Terahertz macrospin dynamics in insulating ferrimagnets

We investigate numerically the excitation of nonlinear magnetic interactions in a ferrite material by an energetic pump pulse of terahertz (THz) radiation. The calculations are performed by solving the coupled Maxwell and Landau-Lifshitz-Gilbert differential equations. In a time-resolved THz pump/THz probe scheme, it is demonstrated that Faraday rotation of a delayed THz probe pulse can be used to map these interactions.
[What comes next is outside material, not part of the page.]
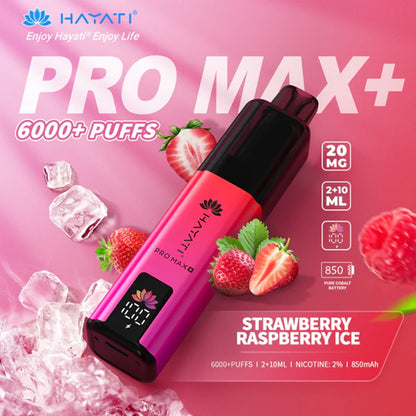 Hayati Pro Max Plus 6000 Puffs Vape Kit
Our study is motivated by the ability of soft x-ray free electron lasers to perform time-resolved imaging of the magnetization process at the submicrometer and subpicosecond length and time scales.

Figure 1

(a) The THz pump and probe pulses. (b) A schematic diagram showing the initial polarization convention. Both $E_{\mathrm{THz}}$ and $H_{\mathrm{THz}}$ lie in the plane of the sample surface. A unit sphere is shown to represent the magnetization state. A trajectory of the magnetization vector, after excitation by the THz pulse, is plotted on the sphere, with red arrows to indicate the time evolution.

Figure 2

(a), (b) Time evolution of the THz field and magnetization components at a depth of 50 µm inside the sample. Space-time map of the THz pump magnetic field (c) and of the out-of-plane magnetization (d).

Figure 3

The input THz fields (a), and the transmitted THz fields at a pump-probe delay of (b) 10 ps and (c) 20 ps. The transmitted probe pulses are shown on a magnified scale at the right of the figure. (d) Faraday rotation of the transmitted THz probe pulse in comparison with $m_{\perp }$ at a depth of 50 µm.